Pregnancy and breastfeeding. The drug is not used during pregnancy and breastfeeding. If necessary, use of the drug should be discontinued.
Interactions
Lansoprazole is metabolized by the cytochrome P450 system, particularly CYP 3A and CYP 2C19. Studies with lansoprazole do not indicate sufficient clinical interaction with other drugs that are metabolized by the cytochrome P450 system (warfarin, antipyrine, indomethacin, ibuprofen, phenytoin, propranolol, prednisolone, diazepam, clarithromycin, or terfenadine). These drugs are metabolized by the cytochrome P450 system, including CYP 1A2, CYP 2C9, CYP 2C19, CYP 2D6, and CYP 3A. When lansoprazole is used simultaneously with theophylline (cyp 1A2, cyp 3a), a moderate increase (10%) in theophylline clearance is noted, but the clinical significance of their interactions is unlikely, however, to maintain clinically effective theophylline concentrations in individual patients, theophylline dose adjustment is required at the beginning or termination of treatment with lansoprazole.
There are no clinical manifestations of interactions with amoxicillin.
In a cross-over study conducted with lansoprazole 30 mg, omeprazole 20 mg and concomitant sucralfate 1 g, the absorption of proton pump inhibitors and the bioavailability of lansoprazole and omeprazole were reduced by 17 and 16%, respectively, when sucralfate was administered concomitantly. Therefore, proton pump inhibitors should be taken 30 minutes before sucralfate. In a clinical study, the simultaneous use of antacids and lansoprazole had no effect on their action. Lansoprazole causes prolonged inhibition of gastric secretion, so it is theoretically possible that lansoprazole may affect the bioavailability of drugs for which pH is important for absorption (ketoconazole, ampicillin esters, iron salts, digoxin).

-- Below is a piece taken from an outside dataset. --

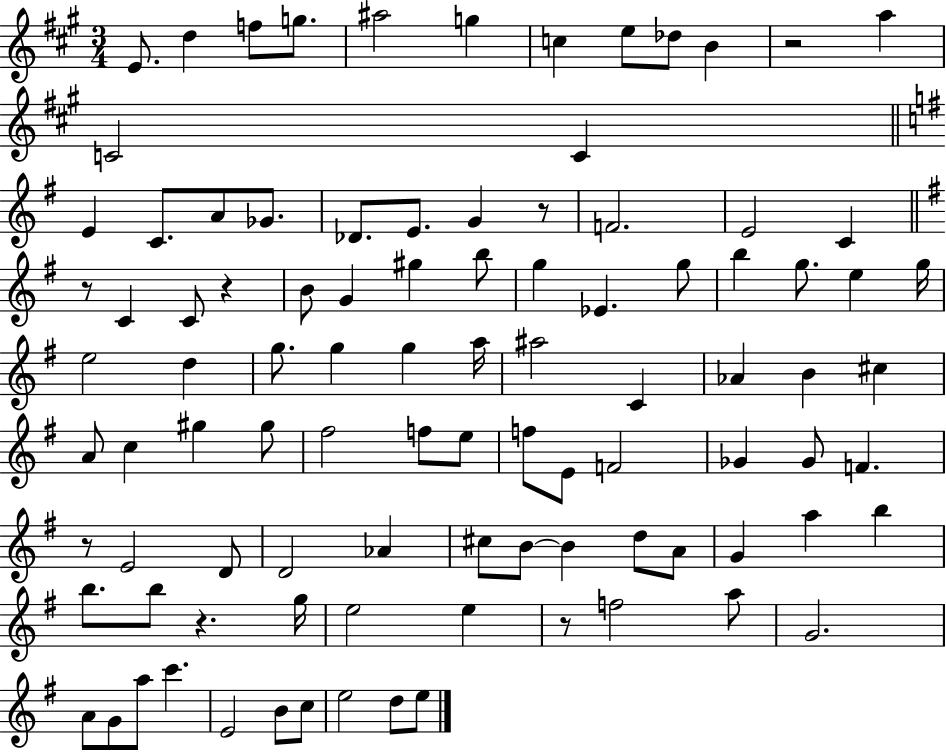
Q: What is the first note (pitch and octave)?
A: E4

Lansoprazole, like other proton pump inhibitors, reduces the concentration of atazanavir (an HIV protease inhibitor), the absorption of which depends on gastric acidity, and therefore may affect the therapeutic effect of atazanavir and the development of resistance to HIV infection.
In clinical studies in healthy volunteers, lansoprazole has been shown to have no effect on the pharmacokinetics of warfarin and prothrombin time. An increase in INR and prothrombin time may lead to bleeding and even death.
Tacrolimus: Concomitant use of lansoprazole and tacrolimus may increase the concentration of tacrolimus in the blood, especially in transplant patients.
Overdose
There are no reports of cases of overdose with lansoprazole. A single dose of 600 mg was not accompanied by clinical manifestations of overdose. However, in case of overdose, increased adverse reactions are possible.
Treatment. There is no specific antidote. Hemodialysis is ineffective. To reduce the absorption of the drug, it is necessary to take activated charcoal. In case of overdose, symptomatic and supportive therapy is performed.
Storage conditions
Store at a temperature not exceeding 25 °C.